── INFORMATION PROVIDED

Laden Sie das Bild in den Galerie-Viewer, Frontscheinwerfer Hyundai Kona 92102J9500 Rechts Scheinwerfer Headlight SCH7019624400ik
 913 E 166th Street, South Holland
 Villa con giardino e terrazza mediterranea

────

■ WHAT THE TASK REQUIRES ■
When you reach the line that contains "913 E 166th Street, South Holland" in the material above, please copy it and every line after it exactly, stopping only at the last line.

■ TASK OUTPUT ■
 913 E 166th Street, South Holland
 Villa con giardino e terrazza mediterranea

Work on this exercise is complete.